President Bush, bolstered by the prospect of allied support for a new U.N. resolution on Iraq, hopes to use the annual summit of powerful countries to heal the rift with Europe over U.S. policies in the Middle East.

But the support on Iraq is coming only after Mr. Bush agrees to conditions on the continued presence of troops in that country. He also faces deep skepticism over an initiative he hopes the Group of Eight nations will endorse to promote democracy throughout the Middle East.

The president began his effort to mend fences with a trip to Europe over the weekend. French President Jacques Chirac, one of Mr. Bush's biggest foes on the Iraq war, predicted an agreement could be reached "very shortly" on a U.N. Security Council resolution outlining how Iraq's new interim government will operate and who will control U.S. military forces there.

Just as last year's summit in the Alpine resort of Evian, France, was heavily focused on Iraq, the get-together Tuesday to Thursday at an exclusive island resort off the Georgia coast faces an agenda dominated by the problems of the Middle East.

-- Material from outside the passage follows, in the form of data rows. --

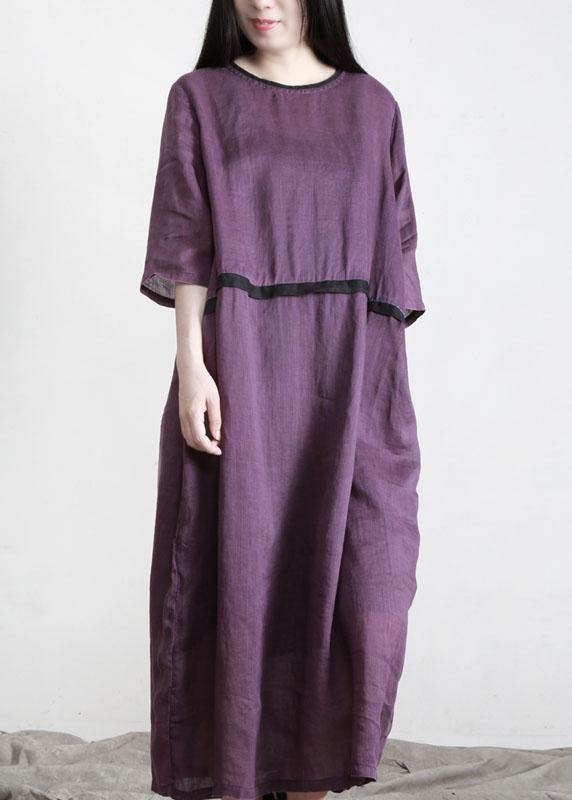 Round Neck Contrast Trim Band Three Quarter Sleeve Linen Maxi Dress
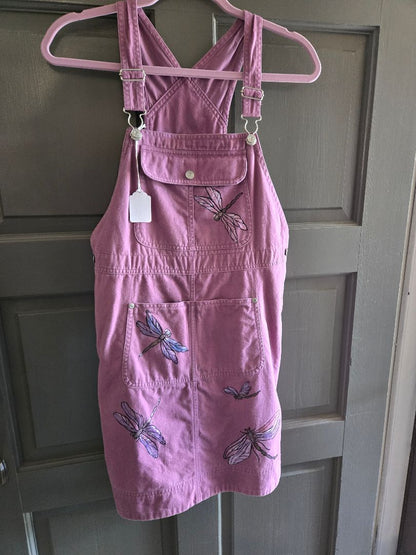 Bib dress raspberry w/dragonflies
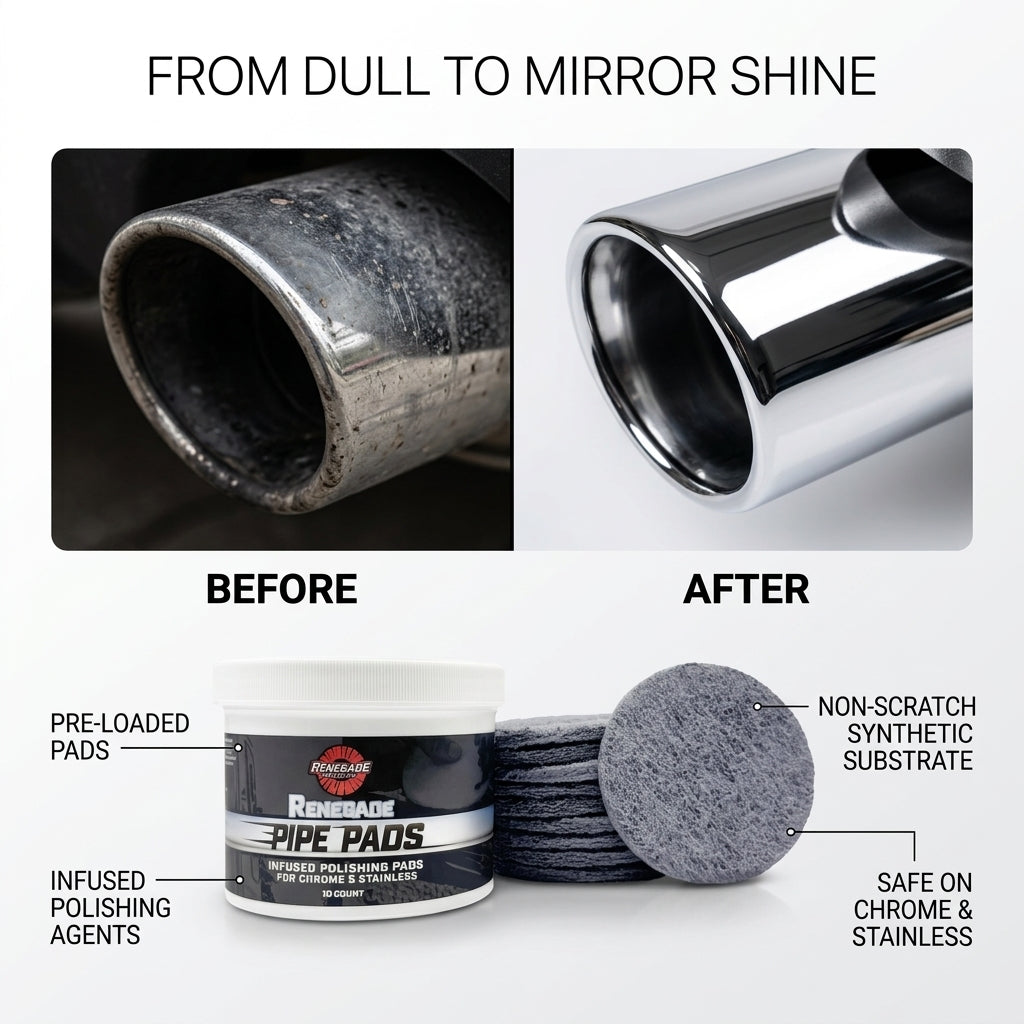 MirrorFinish Pads™ Remove scratches and oxidation.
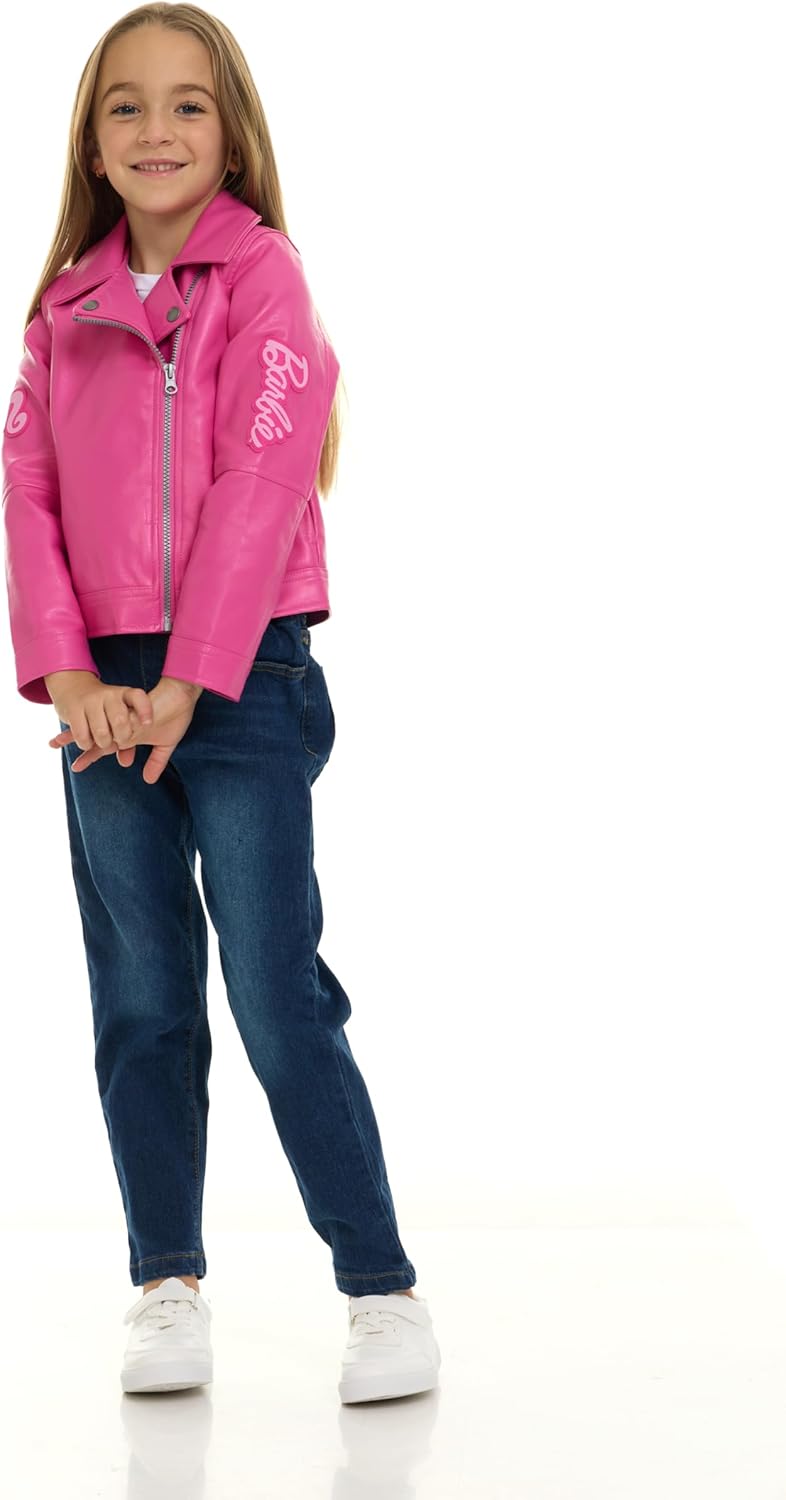 Barbie Girls Pink Faux Leather Jacket Little Kid to Big Kid Sizes (4-14-16) - Image 1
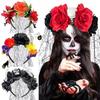 Lace Veil Halloween Veil Headband Gothic Party Headpiece Floral Hair Hoop Hair Accessories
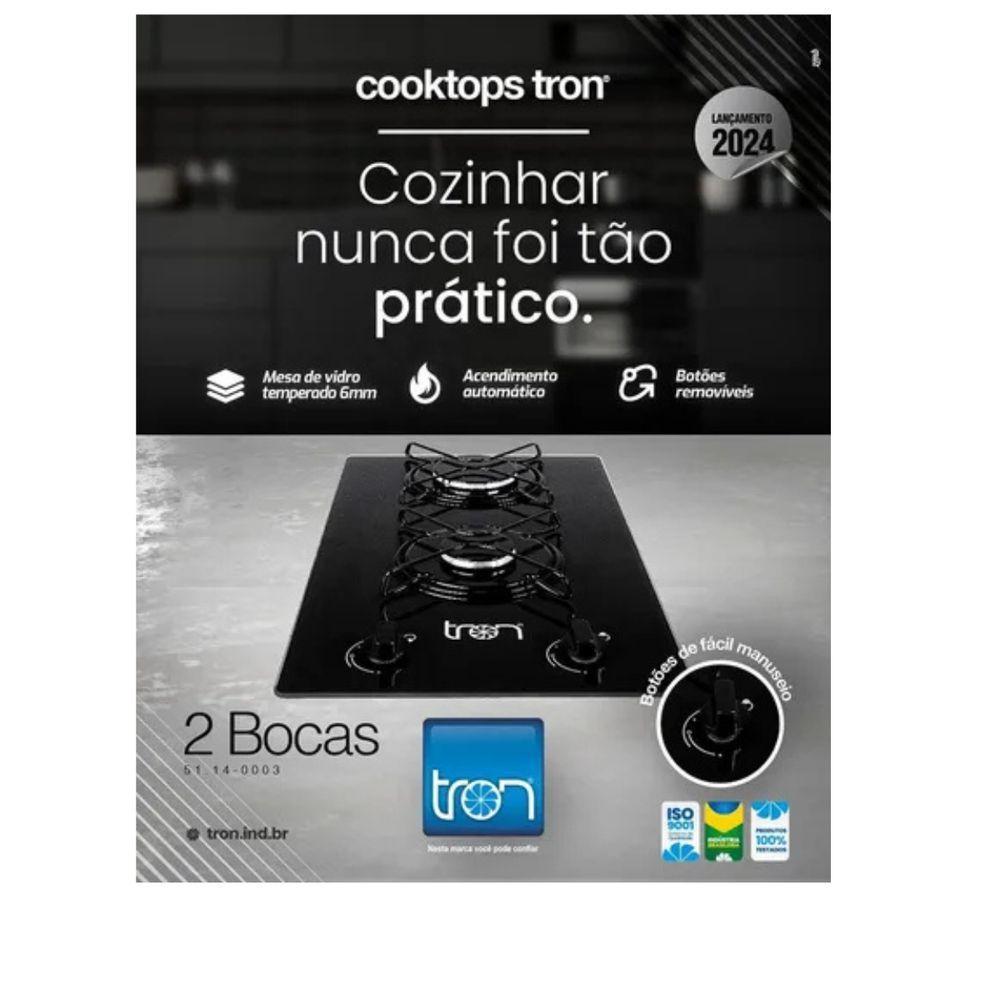 Cooktop Tron 2 Bocas Gás GLP Mesa De Vidro Preto Bivolt - 5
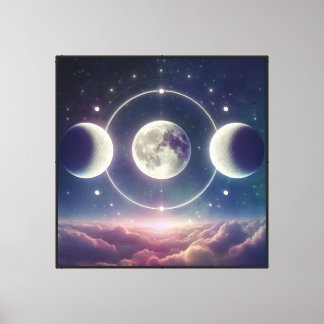 Trippel månfaser Väggkonst – Celestial Lunar Himme Canvastryck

The summit is taking place under heavy security provided by more than 10,000 federal, state and local law enforcement officials, guarding the tiny barrier island by land, sea and air.

Concrete barriers, metal fencing and checkpoints were put into place around key buildings and routes.

Participants include the United States, Britain, Canada, France, Germany, Italy, Japan and Russia.

Mr. Bush and other leaders will be staying in "cottages" that cost in the millions of dollars on a 5-mile-long island famed for its sandy beaches and massive oak trees dripping with Spanish moss.

The setting was not lost on demonstrators kept miles away in Brunswick, Ga., a working-class mainland city, where they hope to attract protesters "in the hundreds," not thousands, for their teach-ins and demonstrations against a globalized economy.

In 1999, anti-globalization demonstrators set fires in the streets of Seattle, and at the 2001 G-8 summit in Genoa, Italy, police fatally shot one demonstrator and arrested 300 others.

The G-8 leaders are expected to vote to extend and expand a debt relief program for the world's poorest nations, due to expire at the end of this year. They also are likely to endorse a new peacekeeping force to deal with conflicts in such places as Africa.

Following the pattern of recent summits, Mr. Bush has invited the leaders of six African countries — Algeria, Ghana, Nigeria, Senegal, South Africa and Uganda — to have lunch with the summit leaders on Thursday to review progress on a G-8 action plan to attack poverty, AIDS and famine on the continent.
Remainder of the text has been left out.